Tel Aviv Diary May 2-6, 2008 - Karen Alkalay-Gut

May 2, 2009

Since we're in quarantine at home, and sick of tv, I don't have too much to report. Except I've been reading Abraham Lincoln while the news is blaring, and discovered that "You may fool all the people some of the time; you can even fool some of the people all the time; but you can’t fool all of the people all the time" doesn't exist anywhere in his writings. Apparently P.T. Barnun is the one who said it. I should have guessed that. No politician would say something like that.

May 3, 2008

As I dug out my old flags and starting getting ready to put them on my balcony this week, I couldn't help thinking about what an emotion-filled week this is: Holocaust Day, then Memorial Day, then Independence Day. It's too much. I know this is supposed to be part of the narrative - because of the holocaust, we've were given a country to defend, and there are many losses, but also much joy. But, creepers!, it's just too much to take at one time. No wonder so many friends were watching the game on German TV on the eve of Holocaust Day. Even Hillel Schenker.

So maybe if I were the police I'd be careful to investigate the Prime Minister BEFORE I announced it during these painful days.

And while we're on the subject of pain, the national anthem is really getting to me. I got the translation off this website

Hatikva - English Lyrics

As long as deep in the heart,
The soul of a Jew yearns,
And forward to the East
To Zion, an eye looks
Our hope will not be lost,
The hope of two thousand years,
To be a free nation in our land,
The land of Zion and Jerusalem.

I'd probably change a few words, but the idea is that as long as we still yearn, we'll hope to be a free nation in the land of Zion. Now I think it's time for a new additional anthem. We don't have to dwell on what we wanted, but on what we believe in now. And that belief includes other nations as well, the Druze, the Arabs who believe in the country, etc. We stand for so much more, for democracy (and we are the only democratic country in this part of the world), for progress, for brotherhood. If it were my personal anthem I would also include socialism, but it would have to be a non political statement.

May 4. 2008

Another Ezi winner. Not the dinner, but the picture.

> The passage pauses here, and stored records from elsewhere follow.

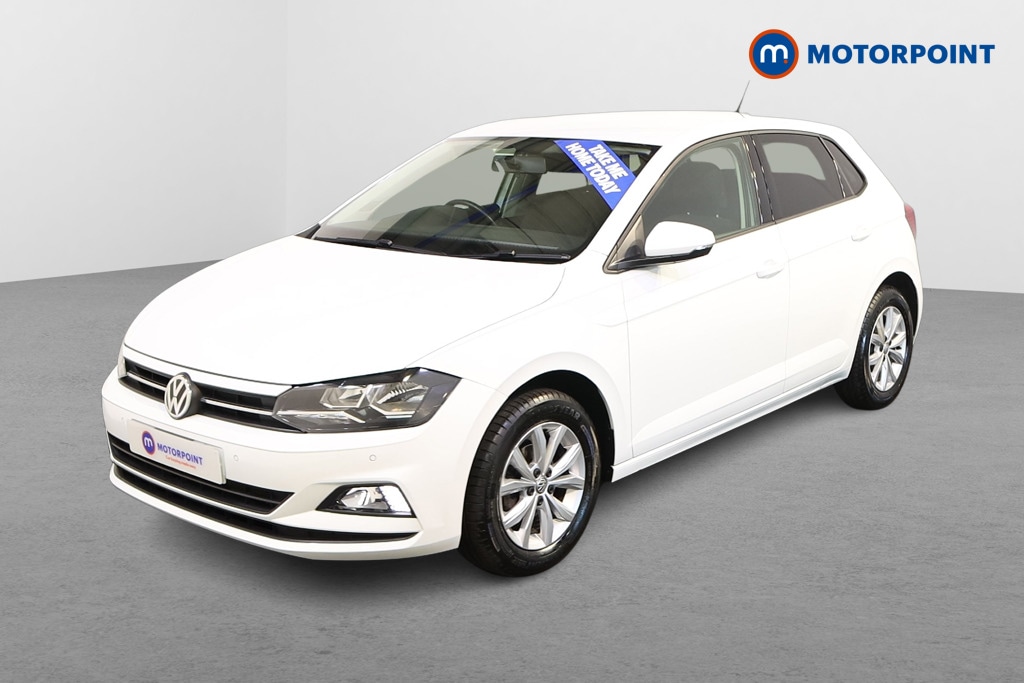 Used Volkswagen Polo 2021 for sale - 77730407: Photo 3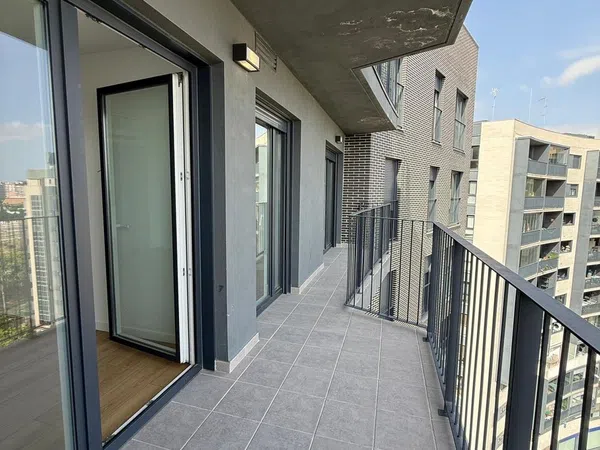 Piso en Calle Suiza, 14, La Punta - Foto 1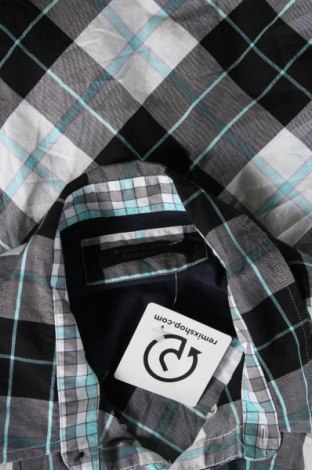 Herrenhemd Jack & Jones PREMIUM, Größe XL, Farbe Mehrfarbig, Preis € 17,39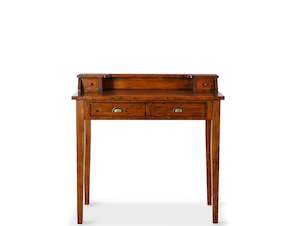 Furniture: WRITING BUREAU DESK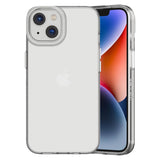 Tech21 Evo Lite Tough Rear Case Cover for Apple iPhone 14 - Clear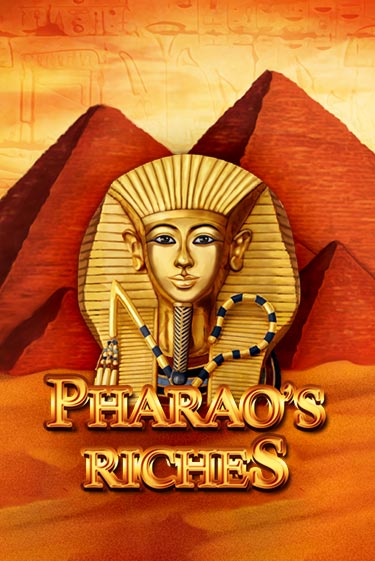 Pharao's Riches играть демо версию | SlotoKing без регистрации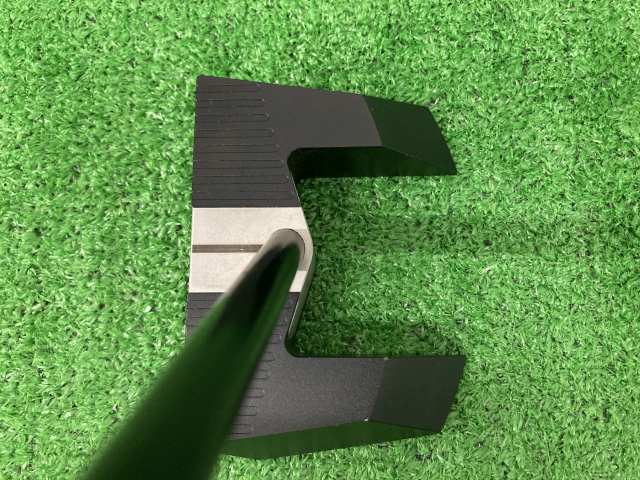 中古 L.A.B GOLF MEZZ.1パター ゴルフ用品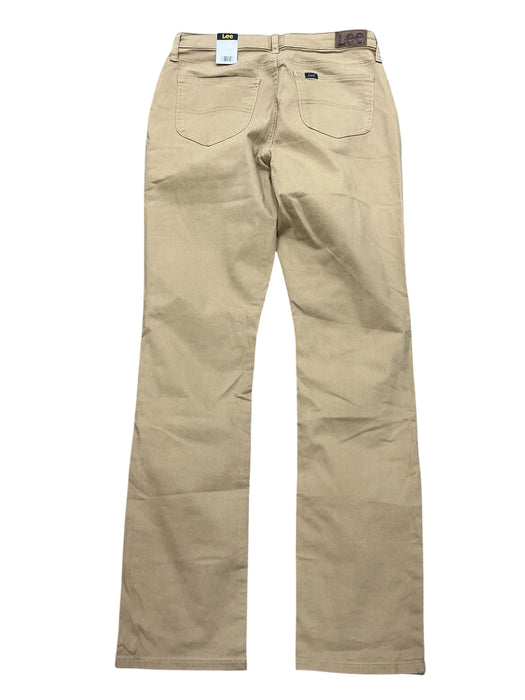 Pantalón 8 Long (LEE)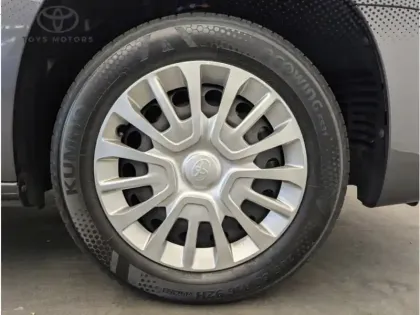 Photo 5 Toyota Proace 1.5 LONG 130 D-4D DYNAMIC BVA 7 PLACES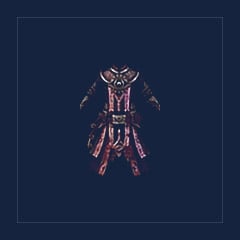 Vestments of the Great Guardian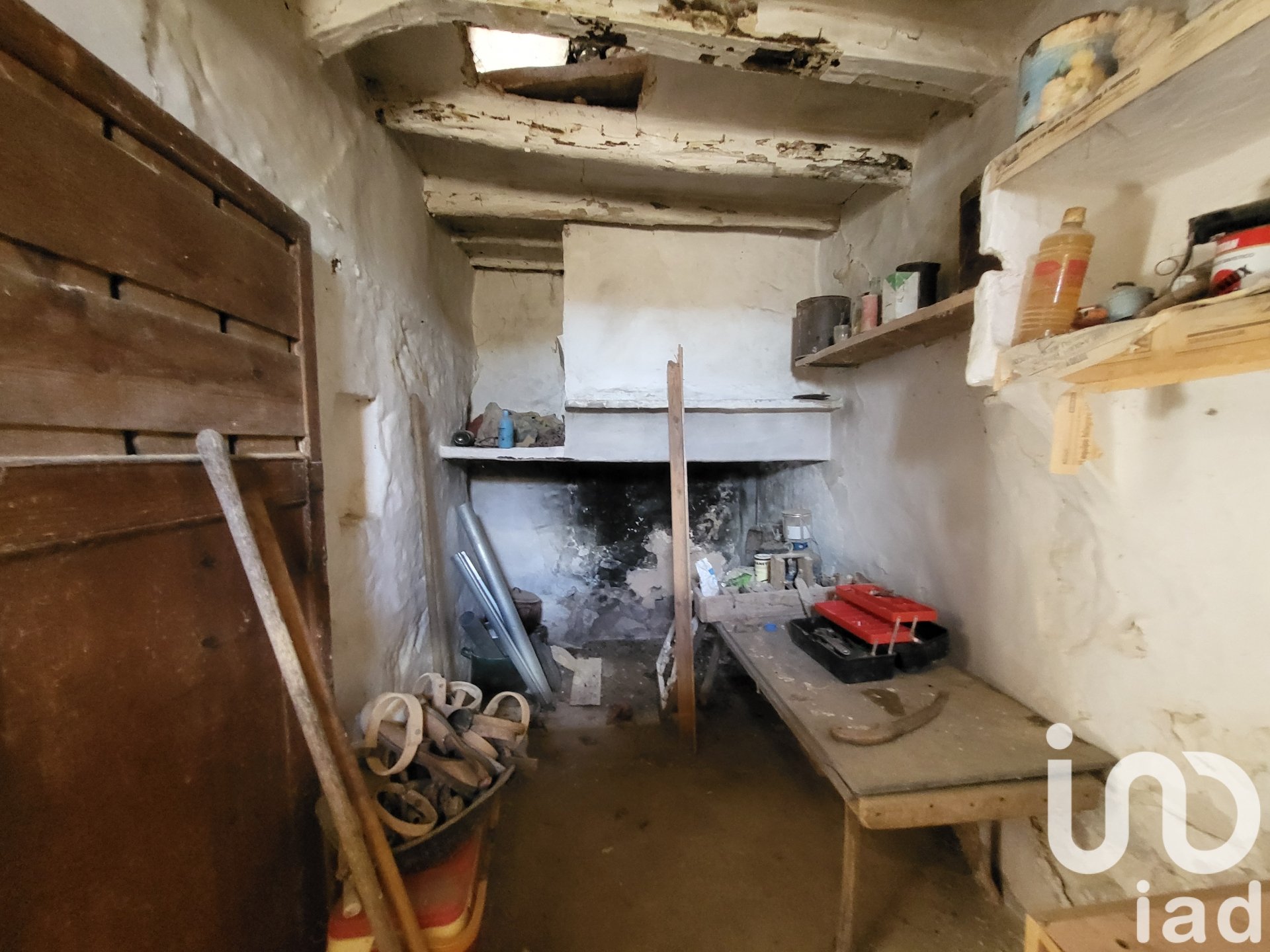 Propiedad comercial en Llubi, Mallorca, España No. 153076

I absolutely dread Memorial Day - it will begin Tuesday evening and the television programs are already starting. I don't want my patriotism to be spurred on by fallen soldiers. It is not that i don't grieve for every single one of them. It is that my grief for them has nothing to do with my patriotism.

May 5, 2008

"It's a little quiet tonight," I told my visitors as I showed them the streets of Tel Aviv. It is actually more than a Little Quiet. The city seems empty. "Is this holy week or something?" my friend asked. Almost. From Holocaust Day to Memorial Day one week later is not a happy time around here and the sadness is intensified by the mess our leaders are in.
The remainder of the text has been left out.